And that's the fear that we may have, and that we have, is that the global operation were the owner of the customer incidents. And we are afraid that if the responsibilities are spread among all the different teams and all the applications, it's going to be harder to communicate with the customer on the state of the incident and to recover the incident itself.
And then for the same reason, since we've got lots of applications talking to each other, the APIs need to be really, really strict.
So one big question that we had when thinking about DevOps philosophy and the transition to DevOps is: is it possible to have it with the current architecture, the OBE architecture that he talked about? The answer is no. The DevOps approach would be too complex and too expensive because of the lack of automation we had on the other system, and it would take too much time in order for DevOps to develop and operate the application.
And then we would have asked them to have knowledge of the other layers, like hardware and network. That's when the cloud-based architectures come in handy.

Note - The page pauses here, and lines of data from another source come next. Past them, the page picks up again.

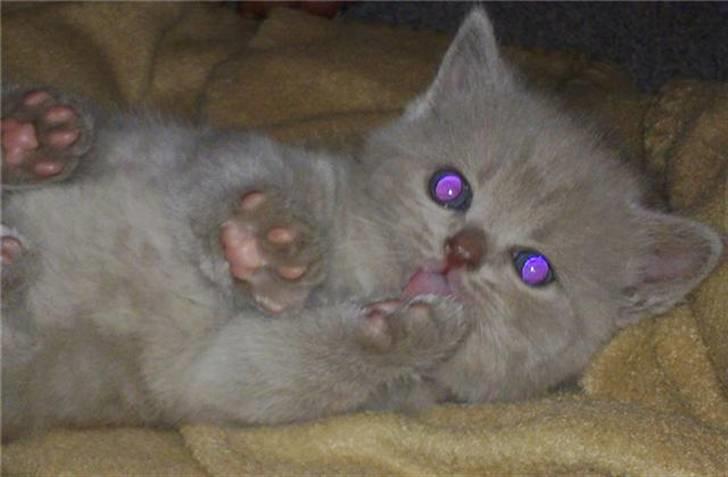 British Shorthair DK Northern Feline Alba V - Alba Viola 5 uger gammel (: billede 18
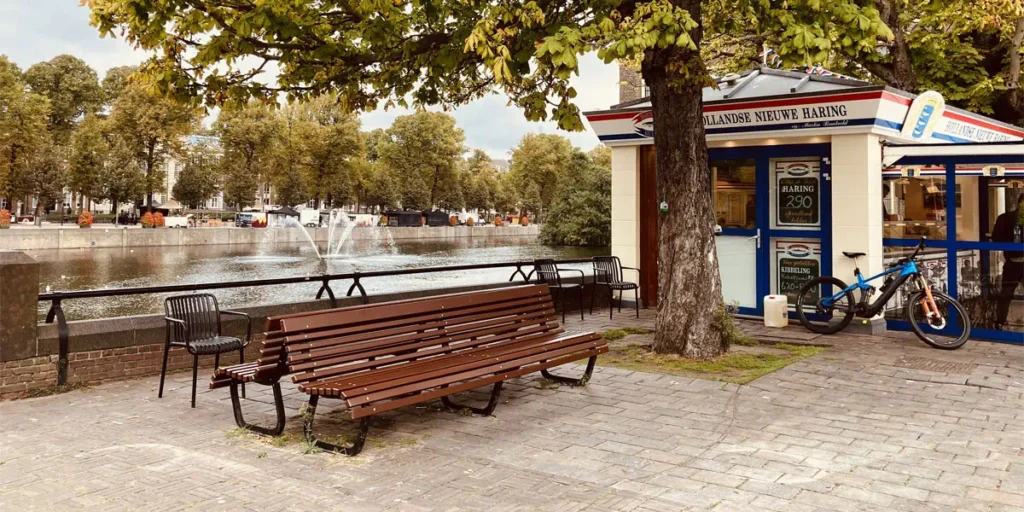 A Stroll from Software Quality, to Function Points, to Money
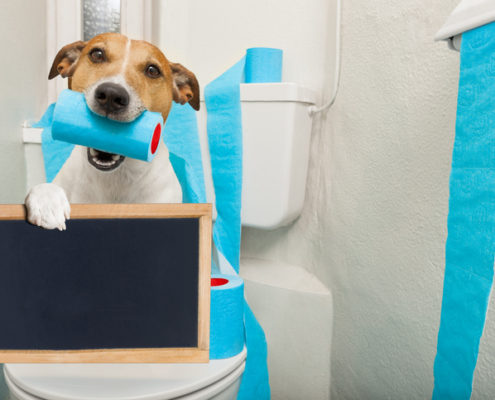 Potty Training a New Puppy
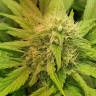 семена конопли в России White Domina feminised Kannabia Seeds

So which are the benefits of the cloud? The most important, I think, is the separation between the different layers, between the application layer, the platform layer, and the infrastructure layer. Which means that when you work on one of the layers, you don't need to know what the others are doing. You just need to have APIs between the layers, and that's going to work.
And then there is the flexibility to manage the resources, the possibility to add new nodes on your cluster, to delete nodes if needed, the multi-tenancy, the quota limits for different applications. Then the hardware, the standardization of the hardware, then the redundancies, scalability, isolation, the tolerance to failure, which is really, really important. If a virtual machine is going down, you want to be able to delete it from the cluster immediately.
And then there is the support of the open-source community.
So now we're going to talk about the technical changes. I think that's my best part. I like it. I'm more comfortable with this part.
So we've got the different layers. First of all, we've got the hardware layer. It might be inside Amadeus or somewhere else. Then there is the infrastructure layer part, the platform layer. We have a partnership in Amadeus with Red Hat to use OpenShift. And then there is the application layer, where we have all kinds of Amadeus applications.
We are going to focus on the PaaS layer here because the applications are interacting directly with it in order to deploy and to follow the build, the integration, deployment of their application.
So inside the platform layer, we've got different PaaS's, platform as a service. I don't know if you know it. Okay.
Inside the platform layer, we've got different players inside. First of all, we are using Docker. There are two main concepts in Docker: the Docker image and the Docker container. The Docker image gives everybody the possibility to build your application in a unified way, meaning that it doesn't matter what your application is, you can build it using Docker. And once your image is built, you can ship it and run it in all Linux platforms.
And then there is the container, the Docker container, which is a running image, which gives us the possibility of a process isolation for each container.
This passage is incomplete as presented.